Strike a Poser

The Olympics are over, and while I have enjoyed watching them, I am enthused that I may now watch Jeopardy again. I only have a few comments on the closing ceremony, and they are entirely topical, so I apologize.

Ok, so, do you know who this is?

Oh, you know you do.

That’s right—it’s Avril Lavigne! The “teen” “sensation” that’s been hurting us with her music ever since the year we graduated high school. I never liked Avril (and neither have you, so just own it), mostly because she couldn’t pronounce “pose” correctly and only seemed to have one outfit.

This one.
And it’s not even a good tie.

But whatever, pop music is its own little microcosm and I don’t have to understand it.

This is what I have a problem with:

Now, who in the hell is this? It couldn’t be Avril Lavigne—she’s blond! She’s wearing a matching, conservative outfit! It’s not only weather-appropriate, it includes thigh-high black boots, and we know how Avril feels about the industry and sex appeal. She doesn’t care about those things! She’s punk rock! She IS! She’s not mainstream! She would never get a dye job and sacrifice her annoying, in-your-face apathy just for the chance to sing at the Olympics… would she? Was her independence and artsy, misanthropic demeanor just A BIG LIE?
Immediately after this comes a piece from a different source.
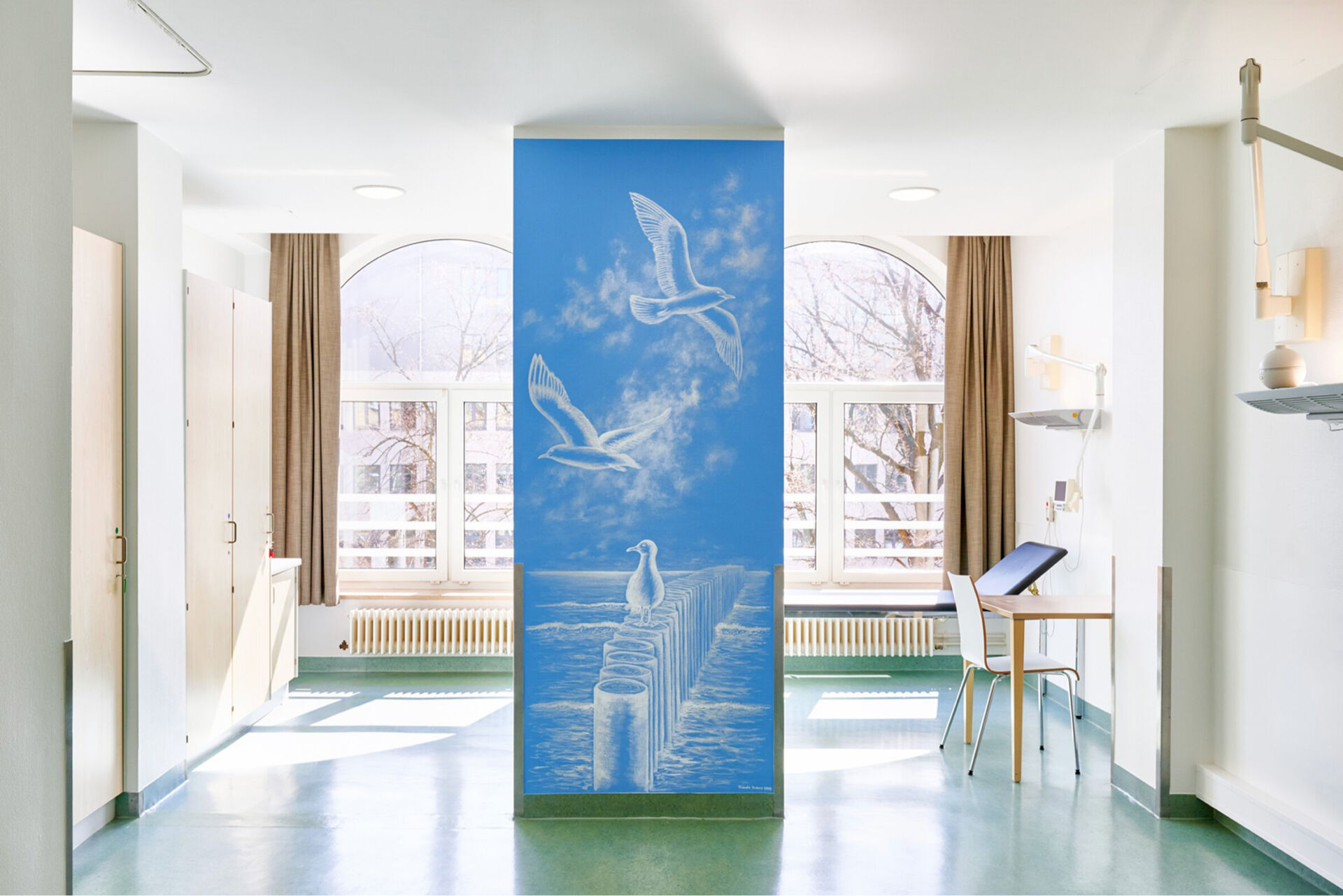 Heller Innenraum mit Stühlen und Fenstern im Hintergrund und einem blauen Wandbild, auf dem Möwen abgebildet sind.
Probably not. It just wasn’t selling albums anymore. So, like poor Shakira before her, she says goodbye to brunettehood for the sake of her craft (except Shakira is talented, bilingual, and could kill and eat Angsty Avril). It’s like the Olympic committee couldn’t get any pop starlets to commit, so they told Avril she could do it if she made herself look enough like Jessica Simpson that Torino would be fooled. I’m a little pissed about it, not just because apparently the way to boost your career in America is making yourself more physically attractive, but because they shoved that damned “Complicated” song down our throats forever that one summer. Look at the lyrics. Now look at this picture. It’s maddening.

I really don’t get into much of the music the kids are listening to these days (said ironically—I’m not that old yet, y’all), but the issue I have is this: if you’re going to build your empire on a bedrock of hating the institution because people are all just a bunch of followers with no sense of self and no ability to just be who they really are, and the freaks are the only people who understand what life is all about—YOU CAN’T GO BLOND AND SING AT THE OLYMPICS. It doesn’t work. It does not gel with your message. You’re all pretty now, so you can sing a song for the jocks because now we’re all friends? Um, huh? A true punk icon would have either turned down the invitation to ceremony, or shown up in the same stanky wifebeater and thrift-store tie that they have always felt most comfortable in, because life is about the art and not the image. I would have respected her more if she had gone that second road.

But if she had declined, those ten minutes she sang could have been ten more minutes of Andrea Bocelli, and there wouldn’t exactly have been rioting in the streets.